-- Opening Marker --
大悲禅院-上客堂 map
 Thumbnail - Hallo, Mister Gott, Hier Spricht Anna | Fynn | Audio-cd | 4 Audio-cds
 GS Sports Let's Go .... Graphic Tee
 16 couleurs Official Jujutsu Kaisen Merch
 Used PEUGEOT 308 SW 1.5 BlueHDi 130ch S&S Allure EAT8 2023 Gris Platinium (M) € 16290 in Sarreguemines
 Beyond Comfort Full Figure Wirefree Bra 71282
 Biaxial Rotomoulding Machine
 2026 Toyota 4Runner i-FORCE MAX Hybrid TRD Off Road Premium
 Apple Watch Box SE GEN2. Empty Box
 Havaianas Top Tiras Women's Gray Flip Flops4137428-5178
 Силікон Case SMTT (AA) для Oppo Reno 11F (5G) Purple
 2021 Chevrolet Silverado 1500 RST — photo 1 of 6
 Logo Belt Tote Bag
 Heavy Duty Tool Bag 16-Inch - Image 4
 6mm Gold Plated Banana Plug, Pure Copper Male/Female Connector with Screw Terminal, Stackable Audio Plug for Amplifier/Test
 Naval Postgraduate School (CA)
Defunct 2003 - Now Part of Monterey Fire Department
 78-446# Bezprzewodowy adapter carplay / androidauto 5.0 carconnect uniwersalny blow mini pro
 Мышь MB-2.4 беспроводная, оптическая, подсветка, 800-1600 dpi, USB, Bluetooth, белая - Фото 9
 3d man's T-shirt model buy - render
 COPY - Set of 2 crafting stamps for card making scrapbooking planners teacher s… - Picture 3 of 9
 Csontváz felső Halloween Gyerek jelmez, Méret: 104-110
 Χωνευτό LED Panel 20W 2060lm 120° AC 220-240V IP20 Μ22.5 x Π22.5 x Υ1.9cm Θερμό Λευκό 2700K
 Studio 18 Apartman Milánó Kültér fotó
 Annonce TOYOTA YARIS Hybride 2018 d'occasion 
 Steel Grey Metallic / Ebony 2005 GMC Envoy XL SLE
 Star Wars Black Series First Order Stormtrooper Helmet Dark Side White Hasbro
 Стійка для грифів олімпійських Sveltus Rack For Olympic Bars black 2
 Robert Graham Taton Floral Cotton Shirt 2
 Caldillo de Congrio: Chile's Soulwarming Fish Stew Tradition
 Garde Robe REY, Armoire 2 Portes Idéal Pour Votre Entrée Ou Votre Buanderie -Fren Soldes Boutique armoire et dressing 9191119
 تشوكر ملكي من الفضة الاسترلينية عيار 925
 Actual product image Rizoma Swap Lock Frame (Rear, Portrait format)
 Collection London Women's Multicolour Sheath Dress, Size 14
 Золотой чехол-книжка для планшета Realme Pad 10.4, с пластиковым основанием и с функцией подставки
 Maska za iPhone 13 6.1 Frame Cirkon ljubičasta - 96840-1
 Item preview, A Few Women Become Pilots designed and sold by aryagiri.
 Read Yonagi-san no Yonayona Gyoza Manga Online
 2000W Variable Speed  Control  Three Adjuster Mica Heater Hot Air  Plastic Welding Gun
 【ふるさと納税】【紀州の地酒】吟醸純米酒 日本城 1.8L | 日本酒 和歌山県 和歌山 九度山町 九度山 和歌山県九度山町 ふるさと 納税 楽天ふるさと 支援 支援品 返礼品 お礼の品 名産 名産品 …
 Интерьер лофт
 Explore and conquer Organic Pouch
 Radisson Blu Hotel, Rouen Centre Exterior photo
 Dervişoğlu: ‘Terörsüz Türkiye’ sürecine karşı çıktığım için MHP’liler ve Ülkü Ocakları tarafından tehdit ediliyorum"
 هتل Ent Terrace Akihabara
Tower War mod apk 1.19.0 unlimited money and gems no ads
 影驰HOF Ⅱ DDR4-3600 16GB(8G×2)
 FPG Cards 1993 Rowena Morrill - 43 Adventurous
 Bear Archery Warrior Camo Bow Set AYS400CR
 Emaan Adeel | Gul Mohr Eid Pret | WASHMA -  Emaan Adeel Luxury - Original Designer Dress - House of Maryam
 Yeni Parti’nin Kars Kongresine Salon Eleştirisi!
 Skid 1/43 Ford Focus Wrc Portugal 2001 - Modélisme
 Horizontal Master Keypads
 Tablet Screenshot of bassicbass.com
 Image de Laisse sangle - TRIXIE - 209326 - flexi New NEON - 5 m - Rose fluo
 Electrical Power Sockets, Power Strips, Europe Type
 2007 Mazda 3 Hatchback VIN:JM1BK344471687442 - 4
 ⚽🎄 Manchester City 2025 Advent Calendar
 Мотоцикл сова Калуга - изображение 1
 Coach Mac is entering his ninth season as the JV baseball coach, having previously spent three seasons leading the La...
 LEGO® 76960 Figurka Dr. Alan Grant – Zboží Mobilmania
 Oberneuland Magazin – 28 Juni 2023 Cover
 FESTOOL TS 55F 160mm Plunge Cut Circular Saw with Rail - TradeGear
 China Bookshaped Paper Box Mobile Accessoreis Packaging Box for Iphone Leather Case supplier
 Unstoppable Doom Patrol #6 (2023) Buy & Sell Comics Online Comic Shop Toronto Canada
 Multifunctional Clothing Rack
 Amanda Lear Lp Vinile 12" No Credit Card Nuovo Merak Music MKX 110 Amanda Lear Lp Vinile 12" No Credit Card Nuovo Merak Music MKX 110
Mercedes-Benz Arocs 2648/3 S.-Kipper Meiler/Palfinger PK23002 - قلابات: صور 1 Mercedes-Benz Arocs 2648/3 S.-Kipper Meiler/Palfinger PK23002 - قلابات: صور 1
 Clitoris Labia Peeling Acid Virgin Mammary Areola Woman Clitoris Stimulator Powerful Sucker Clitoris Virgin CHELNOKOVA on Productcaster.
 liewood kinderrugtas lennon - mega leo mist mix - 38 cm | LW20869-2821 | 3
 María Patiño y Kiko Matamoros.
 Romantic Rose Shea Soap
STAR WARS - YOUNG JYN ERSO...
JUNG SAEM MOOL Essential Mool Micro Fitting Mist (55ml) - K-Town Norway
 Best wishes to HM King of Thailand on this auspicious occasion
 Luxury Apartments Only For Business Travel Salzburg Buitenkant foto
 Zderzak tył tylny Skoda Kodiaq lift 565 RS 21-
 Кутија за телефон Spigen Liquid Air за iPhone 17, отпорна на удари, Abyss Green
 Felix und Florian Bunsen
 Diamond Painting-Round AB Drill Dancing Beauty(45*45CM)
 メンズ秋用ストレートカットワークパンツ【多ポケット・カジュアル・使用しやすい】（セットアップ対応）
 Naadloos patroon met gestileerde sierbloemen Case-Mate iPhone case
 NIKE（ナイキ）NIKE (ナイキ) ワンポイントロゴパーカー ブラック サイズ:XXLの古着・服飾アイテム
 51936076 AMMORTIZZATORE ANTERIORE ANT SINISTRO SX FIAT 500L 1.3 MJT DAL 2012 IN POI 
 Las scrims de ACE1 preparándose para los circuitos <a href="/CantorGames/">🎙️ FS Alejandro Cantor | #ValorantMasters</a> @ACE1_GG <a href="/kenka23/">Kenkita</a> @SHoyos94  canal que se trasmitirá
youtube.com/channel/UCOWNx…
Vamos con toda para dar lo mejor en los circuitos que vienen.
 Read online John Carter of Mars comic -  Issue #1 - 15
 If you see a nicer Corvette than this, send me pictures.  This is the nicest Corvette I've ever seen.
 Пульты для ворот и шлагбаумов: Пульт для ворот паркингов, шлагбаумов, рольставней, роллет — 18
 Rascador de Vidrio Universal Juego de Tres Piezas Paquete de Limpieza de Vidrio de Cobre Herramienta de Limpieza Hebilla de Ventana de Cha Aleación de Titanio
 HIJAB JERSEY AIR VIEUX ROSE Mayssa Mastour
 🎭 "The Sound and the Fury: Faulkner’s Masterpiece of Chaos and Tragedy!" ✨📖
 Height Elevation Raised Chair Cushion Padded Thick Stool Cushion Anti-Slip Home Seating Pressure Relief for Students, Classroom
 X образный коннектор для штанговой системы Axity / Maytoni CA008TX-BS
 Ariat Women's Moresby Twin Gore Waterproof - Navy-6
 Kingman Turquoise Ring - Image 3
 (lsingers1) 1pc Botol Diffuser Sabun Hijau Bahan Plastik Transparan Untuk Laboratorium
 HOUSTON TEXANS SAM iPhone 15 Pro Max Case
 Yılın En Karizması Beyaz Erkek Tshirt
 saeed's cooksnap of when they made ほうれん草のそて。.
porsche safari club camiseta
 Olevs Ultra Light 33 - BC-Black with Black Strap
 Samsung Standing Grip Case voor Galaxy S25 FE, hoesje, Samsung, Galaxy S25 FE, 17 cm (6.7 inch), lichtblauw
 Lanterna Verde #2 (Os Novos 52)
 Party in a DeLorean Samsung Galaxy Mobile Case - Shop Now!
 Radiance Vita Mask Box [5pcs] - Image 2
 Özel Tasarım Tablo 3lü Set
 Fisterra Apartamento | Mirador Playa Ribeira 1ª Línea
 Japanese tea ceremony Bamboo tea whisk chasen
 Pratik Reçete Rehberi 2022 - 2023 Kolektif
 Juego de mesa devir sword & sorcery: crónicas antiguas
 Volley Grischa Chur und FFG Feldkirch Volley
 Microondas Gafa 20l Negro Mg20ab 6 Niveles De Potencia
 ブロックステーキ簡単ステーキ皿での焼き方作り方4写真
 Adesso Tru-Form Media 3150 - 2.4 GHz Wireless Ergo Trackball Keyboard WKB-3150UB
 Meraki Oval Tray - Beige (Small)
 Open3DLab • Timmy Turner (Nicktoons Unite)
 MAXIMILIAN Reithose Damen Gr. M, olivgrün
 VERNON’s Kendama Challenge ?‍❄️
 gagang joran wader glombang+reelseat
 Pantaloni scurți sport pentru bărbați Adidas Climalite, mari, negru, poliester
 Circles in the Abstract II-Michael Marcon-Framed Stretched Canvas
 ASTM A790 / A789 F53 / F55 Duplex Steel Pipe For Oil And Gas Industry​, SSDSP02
-- Closing Marker --
Your task is to copy each line of the data above that holds "circuitos".

 Las scrims de ACE1 preparándose para los circuitos <a href="/CantorGames/">🎙️ FS Alejandro Cantor | #ValorantMasters</a> @ACE1_GG <a href="/kenka23/">Kenkita</a> @SHoyos94  canal que se trasmitirá
Vamos con toda para dar lo mejor en los circuitos que vienen.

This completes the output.